We reached the first viewpoint, stopped and chatted with other hikers, took in the scene, and praised ourselves for the strong ascent. But as we started back on the path, I saw that the walkway surfaces were changing. Some were like old cobblestone streets -- that seemed as if they were severely buckled by frost and then, oddly, polished shiny -- and therefore slippery, with a jeweler's cloth. Other parts were just rock jumbles, and some sandy.

I tried to stop quantifying -- to take the pressure off myself to complete a certain number of miles --but initially translated that I should hike for another hour or so.

The sights were gorgeous and the trail relatively quiet -- a route few other hikers were attempting that day. Moments of sweet solitude and awed by the grandeur of granite peaks.

But it is hard to "Be Here Now" when you will also have to be -- there then. What I mean is sometimes difficult to decide when to turn around. I think my decision came when I saw a pile of fresh bear scat on the trail.

How to determine how much energy I have left for the return trip. In this case, the downhill was tougher than uphill. Grueling, even with hiking poles. And to add insult to injury, it was the only long hike that I was really bugged by gnats.
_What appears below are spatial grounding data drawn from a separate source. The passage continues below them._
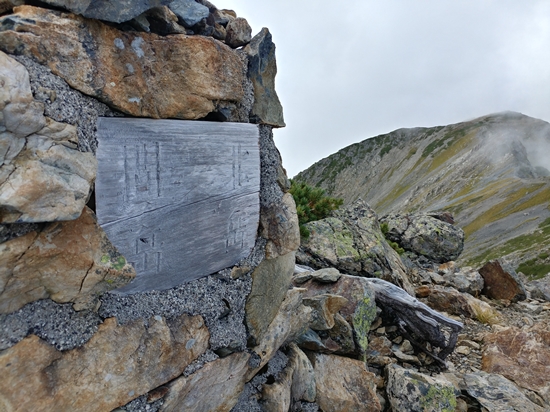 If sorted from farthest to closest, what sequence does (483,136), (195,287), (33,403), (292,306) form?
(483,136) → (292,306) → (195,287) → (33,403)

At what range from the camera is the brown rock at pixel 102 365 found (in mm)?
2336

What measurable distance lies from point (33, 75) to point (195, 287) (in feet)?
7.03

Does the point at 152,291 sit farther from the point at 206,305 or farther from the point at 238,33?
the point at 238,33

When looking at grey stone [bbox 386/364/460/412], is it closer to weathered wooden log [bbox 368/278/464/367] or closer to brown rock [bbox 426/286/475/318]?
weathered wooden log [bbox 368/278/464/367]

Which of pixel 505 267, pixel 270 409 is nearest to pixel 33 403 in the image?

These are some of Alan's photos of the trip. He said we did about 2/3 of the trail. The funny part was -- when we got down, we had planned to reward ourselves by eating at our favorite sandwich place in the park. But since the hike was so hard and slow, we got out later than we had anticipated. We only had twenty minutes before they closed and it was over a mile -- so we hoofed it to Degnan's.
It was funny; we made it and enjoyed our meal; and the striding on a flat path helped loosen us up.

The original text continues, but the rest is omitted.